Keep in mind that caffeine, alcohol, tea, drugs, certain medications, and tobacco are not good friends with sleep. Deficiencies in magnesium, vitamin D and Zinc can also impact our sleep. For the evening meal, be sure to consume foods richer in tryptophanes than in tyrosine.
If you have difficulty sleeping, make sure you have relatively regular times to get up and go to bed, and avoid naps if you feel they are interfering with your sleep.
Different studies have shown the benefits of 20 to 30 minutes of physical activity per day on our sleep. However, sport practiced at the end of the day can negatively influence your sleep.
Limit exposure to screens in the evening.
Note that some people fall asleep much better with white noise (fan for example) in their room. In order to better understand the factors that trigger or amplify your sleeping difficulties, don't hesitate to write down your observations in a diary.

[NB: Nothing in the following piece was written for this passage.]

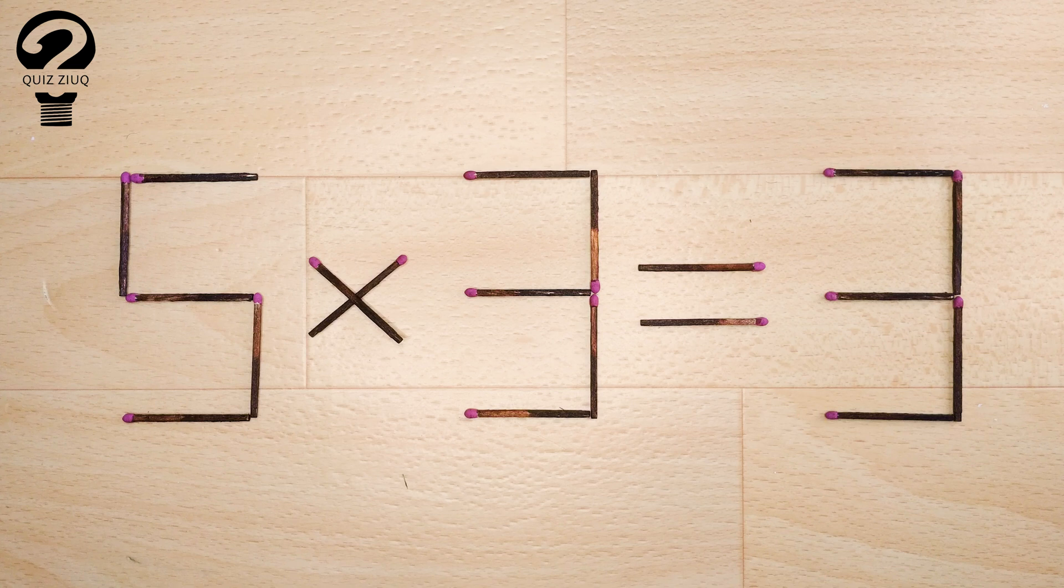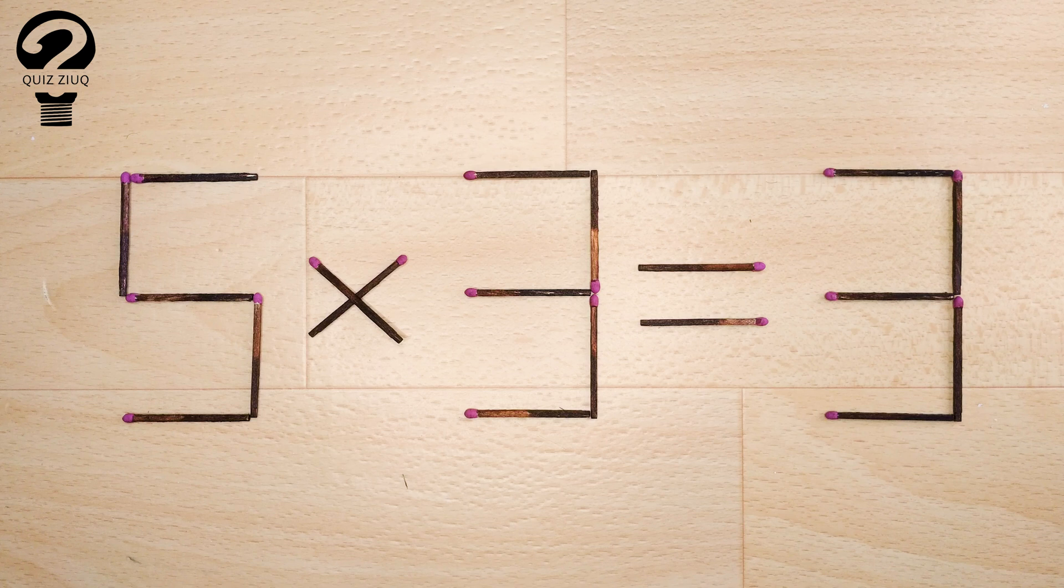How is this little puzzle solved? For this, we just need to move two matches.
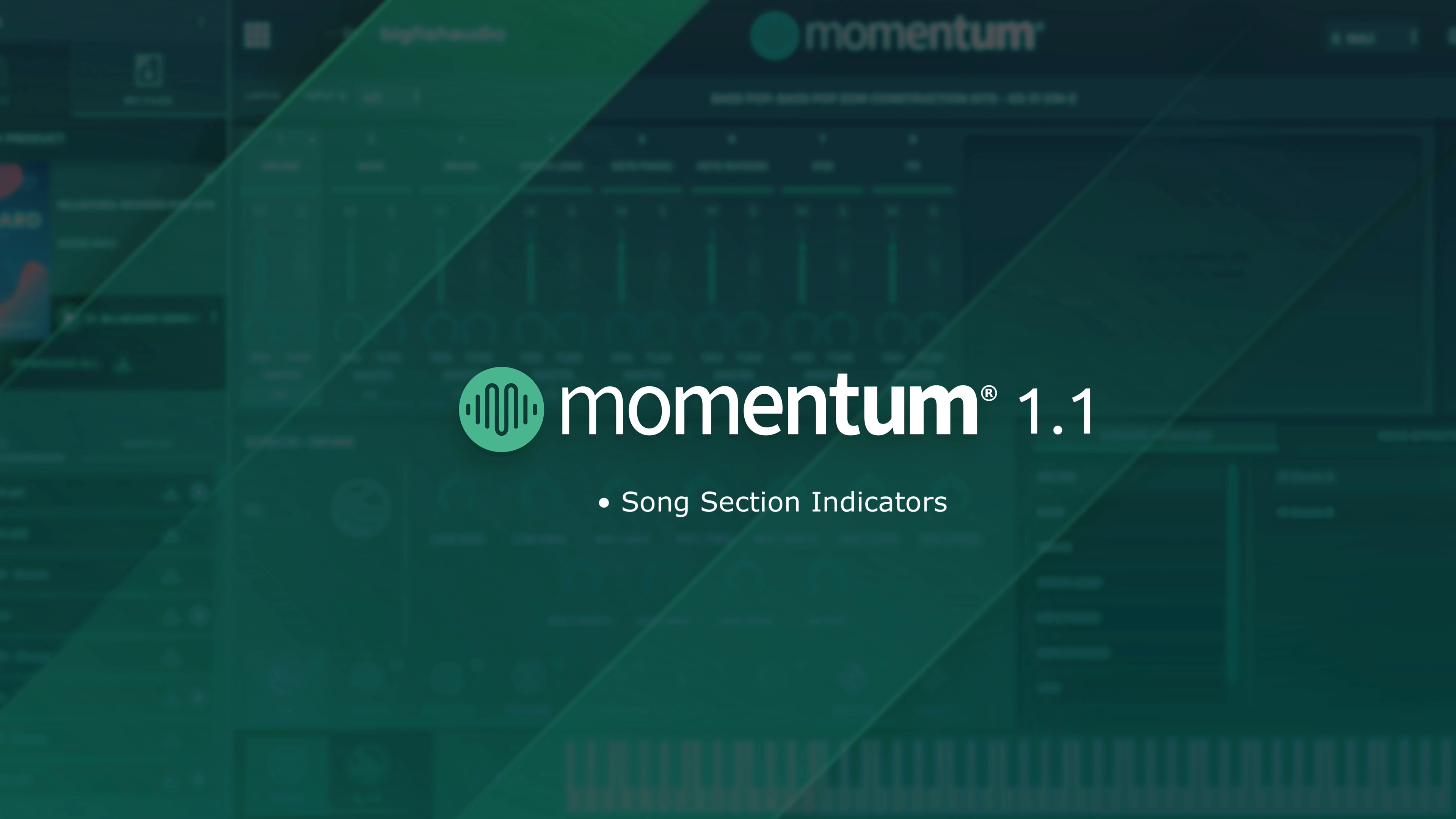Also for this update, complete control users will notice Momentum's on-screen keyboard now matches their keyboard's light guide. We've also improved stability for many DAWs and have included numerous bug fixes.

Psychological and emotional aspects:
The first step is to work on accepting the situation & letting go. The next step is to be able to decrease apprehension by associating sleep with something pleasant and rejuvenating rather than something stressful. That is to say that if you cannot sleep, still give yourself a moment of relaxation and recovery rather than a moment of panic and stress.
Sleep difficulties are often linked to too much stress or a buildup of unexpressed emotions. So be sure to discharge the excess tension by reconnecting and releasing your emotions, practicing physical activity, meditating, doing yoga, etc.
The other point that is often linked to sleep is hypervigilance. We are on the alert and we do not manage to relax. It is therefore also important to work on the origin of this hypervigilance and to reassure our inner child. You can also work on the feeling of security with the various anchoring exercises that we have performed (safe place, car, butterfly).